B. Toastmasters does not make professional speakers. It makes more competent communicators, people able to give better feedback and better leaders. You will never get rich or famous by becoming great at 5-7 minute speeches. What a Toastmasters club can do is provide the environment for people to improve and self-help themselves and others to life changing gains in confidence and competence.

C. That is all very good. Most Toastmasters only participate inside their own club, and they enjoy becoming and building a local community/network of supportive friends.

New (for 2011) Contest Rulebook issued

TI has issued a new speech contest rulebook effective Jan 1, 2011 https://www.toastmasters.org/rulebook.aspx. It has many very good clarifications and several rule changes. It is overall a very good update making the rulebook better, clearer and more useful.

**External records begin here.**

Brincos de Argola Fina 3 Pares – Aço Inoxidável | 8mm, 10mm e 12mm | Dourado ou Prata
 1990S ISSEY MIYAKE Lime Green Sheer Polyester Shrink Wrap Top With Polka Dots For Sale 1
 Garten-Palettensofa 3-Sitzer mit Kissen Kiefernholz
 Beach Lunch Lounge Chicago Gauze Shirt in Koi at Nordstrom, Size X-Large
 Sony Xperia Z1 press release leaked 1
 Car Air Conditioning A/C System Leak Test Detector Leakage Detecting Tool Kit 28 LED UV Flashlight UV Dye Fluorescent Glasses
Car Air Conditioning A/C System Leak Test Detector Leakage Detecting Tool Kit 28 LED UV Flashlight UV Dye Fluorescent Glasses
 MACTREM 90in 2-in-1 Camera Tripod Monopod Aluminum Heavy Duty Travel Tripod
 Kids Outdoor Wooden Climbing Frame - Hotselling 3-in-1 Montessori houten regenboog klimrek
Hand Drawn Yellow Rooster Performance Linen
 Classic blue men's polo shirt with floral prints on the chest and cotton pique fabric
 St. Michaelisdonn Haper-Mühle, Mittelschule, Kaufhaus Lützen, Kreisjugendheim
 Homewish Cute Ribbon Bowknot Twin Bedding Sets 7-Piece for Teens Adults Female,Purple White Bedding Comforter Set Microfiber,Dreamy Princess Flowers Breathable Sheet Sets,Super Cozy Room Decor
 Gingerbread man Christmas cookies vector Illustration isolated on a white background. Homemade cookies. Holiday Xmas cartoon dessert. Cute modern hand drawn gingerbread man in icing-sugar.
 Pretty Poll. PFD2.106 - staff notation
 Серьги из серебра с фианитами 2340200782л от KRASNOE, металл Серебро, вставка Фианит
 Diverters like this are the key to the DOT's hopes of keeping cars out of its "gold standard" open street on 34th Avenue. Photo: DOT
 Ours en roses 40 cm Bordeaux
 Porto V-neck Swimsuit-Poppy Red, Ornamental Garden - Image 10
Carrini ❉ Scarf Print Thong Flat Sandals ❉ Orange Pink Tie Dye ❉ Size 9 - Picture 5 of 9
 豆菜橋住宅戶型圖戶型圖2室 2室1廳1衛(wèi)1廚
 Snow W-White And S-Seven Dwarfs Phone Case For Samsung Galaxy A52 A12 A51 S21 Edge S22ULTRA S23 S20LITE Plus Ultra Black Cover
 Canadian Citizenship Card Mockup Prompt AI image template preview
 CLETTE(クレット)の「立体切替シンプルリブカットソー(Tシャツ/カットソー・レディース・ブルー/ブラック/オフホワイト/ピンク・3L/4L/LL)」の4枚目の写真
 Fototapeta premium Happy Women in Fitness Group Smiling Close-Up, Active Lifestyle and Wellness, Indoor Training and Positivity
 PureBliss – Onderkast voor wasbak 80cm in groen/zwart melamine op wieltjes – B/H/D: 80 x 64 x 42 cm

Some of the clarifications

  • The tiebreaking judge does not attend the judges’ briefing.
     
  • When the last contestant finishes speaking, the contest chair will ask for silence until the ballot counters have collected all ballots. (no more 1 minute or 2 minute …)
     
  • Judges are directed to discreetly discard their scoring forms, the chief judge is directed to keep all materials confidential – there is no need for a “motion to destroy the ballots”
     
  • Protests: Any protest shall be lodged with the chief judge and/or contest chair prior to the announcement of the winner and alternate(s).
     
  • The Chief Judge ‘provides a list showing placement of all contestants to the contest chair.

Some of the changes

  • Contestants
    To be eligible to compete in ANY contest, a member must have completed at least six speeches from the Competent Communication (Item 225) manual prior to the club contest. (Note, Toastmasters who completed older speaking awards like CTM or Able Toastmaster are considered to have met the 6 speech requirement)
     
  • The above change was rescinded on November 10, 2010.

  • Judges
    All judges at area, division, district, semifinal, and International speech contests must have been a Toastmasters member in good standing since July 1 of the previous year and have completed at least six Competent Communication (Item 225) manual projects. (Or be CTM, ATM, …)
     
  • Timing
    Two timers are appointed by the chief judge. One is provided with a stopwatch and the other with a timing device**(will be changed to signaling device) that displays green, yellow, and red colors
     
  • Tiebreaking
    The tiebreaking judge’s ballot must be collected by the chief judge while the counters are collecting all other judges’ ballots.
     
  • Official Forms
    Only official forms may be used for speech contests
     

What more could be done: If we want to be 100 % clear on things – some guidelines:

  • Do NOT announce whether the tie-breaking ballot was used or not
     
  • There is no need for a “motion to destroy the ballots”
     

** There is one typo in the timing section and Joe at TI is making sure it is fixed in the print version soon available for purchase. That is where the second timer uses a signaling device’ rather than a ‘timing device’.